Exercise. Pick each line that has "para" out of the records.

(Data excerpts)
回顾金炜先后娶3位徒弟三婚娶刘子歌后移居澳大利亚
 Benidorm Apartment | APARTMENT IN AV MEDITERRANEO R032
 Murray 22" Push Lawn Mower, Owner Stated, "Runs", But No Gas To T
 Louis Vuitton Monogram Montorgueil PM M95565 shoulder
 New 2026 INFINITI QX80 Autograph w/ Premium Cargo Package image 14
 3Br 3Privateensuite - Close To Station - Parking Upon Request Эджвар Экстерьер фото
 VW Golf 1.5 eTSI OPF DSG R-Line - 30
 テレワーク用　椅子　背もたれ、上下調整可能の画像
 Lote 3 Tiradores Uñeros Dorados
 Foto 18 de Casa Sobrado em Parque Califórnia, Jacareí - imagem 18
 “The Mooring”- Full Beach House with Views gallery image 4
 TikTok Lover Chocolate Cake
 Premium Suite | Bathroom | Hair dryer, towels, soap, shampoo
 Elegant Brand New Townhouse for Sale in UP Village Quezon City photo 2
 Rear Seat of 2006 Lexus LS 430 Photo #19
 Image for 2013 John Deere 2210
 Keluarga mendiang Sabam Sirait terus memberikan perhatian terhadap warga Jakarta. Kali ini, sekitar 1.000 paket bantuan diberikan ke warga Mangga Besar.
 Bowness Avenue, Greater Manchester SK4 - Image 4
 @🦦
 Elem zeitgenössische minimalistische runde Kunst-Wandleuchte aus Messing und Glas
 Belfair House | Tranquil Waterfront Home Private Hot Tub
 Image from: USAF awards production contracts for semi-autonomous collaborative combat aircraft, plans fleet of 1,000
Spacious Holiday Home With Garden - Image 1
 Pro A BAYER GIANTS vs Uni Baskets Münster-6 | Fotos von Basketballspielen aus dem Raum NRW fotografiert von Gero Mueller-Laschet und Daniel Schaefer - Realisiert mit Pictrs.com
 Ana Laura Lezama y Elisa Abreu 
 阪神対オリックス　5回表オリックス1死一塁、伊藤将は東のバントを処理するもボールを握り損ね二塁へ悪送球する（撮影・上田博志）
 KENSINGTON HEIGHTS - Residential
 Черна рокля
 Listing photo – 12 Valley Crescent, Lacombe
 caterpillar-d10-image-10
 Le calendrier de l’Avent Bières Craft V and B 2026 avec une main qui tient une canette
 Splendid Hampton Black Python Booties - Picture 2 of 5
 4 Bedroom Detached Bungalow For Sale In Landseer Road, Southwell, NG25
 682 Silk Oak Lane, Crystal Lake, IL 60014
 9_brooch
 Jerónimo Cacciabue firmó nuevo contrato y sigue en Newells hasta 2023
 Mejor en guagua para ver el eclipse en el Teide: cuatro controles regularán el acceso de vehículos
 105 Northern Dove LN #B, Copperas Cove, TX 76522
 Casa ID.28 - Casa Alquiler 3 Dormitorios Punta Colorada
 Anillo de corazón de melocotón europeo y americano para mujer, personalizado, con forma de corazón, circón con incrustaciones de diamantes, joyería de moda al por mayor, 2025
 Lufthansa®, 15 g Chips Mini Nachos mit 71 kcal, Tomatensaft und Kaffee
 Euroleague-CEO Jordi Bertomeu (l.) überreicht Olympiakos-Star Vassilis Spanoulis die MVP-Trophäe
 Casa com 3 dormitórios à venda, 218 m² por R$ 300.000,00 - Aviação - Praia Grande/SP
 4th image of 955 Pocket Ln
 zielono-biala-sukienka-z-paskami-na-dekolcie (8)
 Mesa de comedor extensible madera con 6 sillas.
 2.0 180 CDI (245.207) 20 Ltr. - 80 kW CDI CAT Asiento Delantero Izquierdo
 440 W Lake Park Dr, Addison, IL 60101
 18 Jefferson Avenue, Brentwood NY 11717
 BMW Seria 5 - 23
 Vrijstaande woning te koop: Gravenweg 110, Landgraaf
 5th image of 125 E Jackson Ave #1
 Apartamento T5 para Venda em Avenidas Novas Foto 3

Completed task.
 Mejor en guagua para ver el eclipse en el Teide: cuatro controles regularán el acceso de vehículos
 Anillo de corazón de melocotón europeo y americano para mujer, personalizado, con forma de corazón, circón con incrustaciones de diamantes, joyería de moda al por mayor, 2025
 Apartamento T5 para Venda em Avenidas Novas Foto 3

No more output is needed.